> **Stored data**
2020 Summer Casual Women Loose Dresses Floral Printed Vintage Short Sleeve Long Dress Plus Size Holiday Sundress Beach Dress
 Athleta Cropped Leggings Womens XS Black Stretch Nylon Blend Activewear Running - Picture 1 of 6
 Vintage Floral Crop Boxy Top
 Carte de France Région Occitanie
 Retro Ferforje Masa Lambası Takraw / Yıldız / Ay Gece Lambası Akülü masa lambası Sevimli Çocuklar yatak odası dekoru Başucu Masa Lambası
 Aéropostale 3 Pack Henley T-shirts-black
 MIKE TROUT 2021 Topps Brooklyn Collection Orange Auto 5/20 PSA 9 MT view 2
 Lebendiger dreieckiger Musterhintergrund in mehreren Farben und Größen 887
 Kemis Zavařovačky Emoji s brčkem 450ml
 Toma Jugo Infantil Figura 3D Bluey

> **How to complete this task**
Everything from the first line of the records through the line holding "Kemis Zavařovačky Emoji s brčkem 450ml" is to be transcribed exactly; leave out all other lines.

> **Exercise result**
2020 Summer Casual Women Loose Dresses Floral Printed Vintage Short Sleeve Long Dress Plus Size Holiday Sundress Beach Dress
 Athleta Cropped Leggings Womens XS Black Stretch Nylon Blend Activewear Running - Picture 1 of 6
 Vintage Floral Crop Boxy Top
 Carte de France Région Occitanie
 Retro Ferforje Masa Lambası Takraw / Yıldız / Ay Gece Lambası Akülü masa lambası Sevimli Çocuklar yatak odası dekoru Başucu Masa Lambası
 Aéropostale 3 Pack Henley T-shirts-black
 MIKE TROUT 2021 Topps Brooklyn Collection Orange Auto 5/20 PSA 9 MT view 2
 Lebendiger dreieckiger Musterhintergrund in mehreren Farben und Größen 887
 Kemis Zavařovačky Emoji s brčkem 450ml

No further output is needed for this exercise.